Even though this file contains `ends_with("_mm")`, and is an R Markdown file, 
it doesn't use the **palmerpenguins** package, so no substitutions are made. 
Notice also that there were no messages generated when `convert_files()` was called, 
indicating that none of the input files changed.

## Final considerations
### Class

The versions of `penguins` and `penguins_raw` in R ≥ 4.5.0's **datasets** package will always (just) have class `data.frame`.
In contrast, the **palmerpenguins** versions will have classes `tbl_df`, `tbl` and `data.frame` if the **[tibble](https://tibble.tidyverse.org)** package is installed on your computer (and just class `data.frame` if not).

### `penguins_raw`

The versions of `penguins_raw` in **palmerpenguins** and **datasets** are identical, except potentially for their class, as described above. 
No specific changes are made to `penguins_raw` by the `convert_*()` functions in **basepenguins**, 
but by removing the call to `library(palmerpenguins)`, the **datasets** version will be used in any scripts,
which is always a `data.frame` (never a `tbl_df`).

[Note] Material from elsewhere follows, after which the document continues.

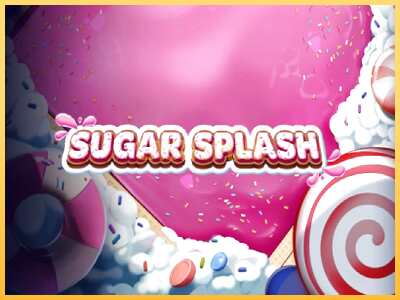 गेमिंग मशीन Sugar Splash बड़ी रकम पाने का आपका रास्ता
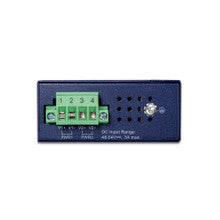 Planet IGS-504PT Compact Industrial 4-Port 10/100/1000T 802.3at PoE + 1-Port 10/100/1000T Ethernet Switch (-40~75 degrees C)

### The **palmerpenguins** package

Note that the **palmerpenguins** package provides features that are not in R,
such as vignettes and articles on the [package website](https://allisonhorst.github.io/palmerpenguins/index.html). 
The package also contains the data in two csv files and provides a [function](https://allisonhorst.github.io/palmerpenguins/reference/path_to_file.html) to access them. 
And, of course, Allison Horst's wonderful [penguins artwork](https://allisonhorst.github.io/palmerpenguins/articles/art.html)!
The **palmerpenguins** package will remain on CRAN and keep its package website.

We are extremely grateful to the authors of **palmerpenguins**, 
Allison Horst, Alison Hill and Kristen Gorman, 
for their support for adding the Palmer Penguins data to **datasets**, 
and their enthusiasm about **basepenguins**.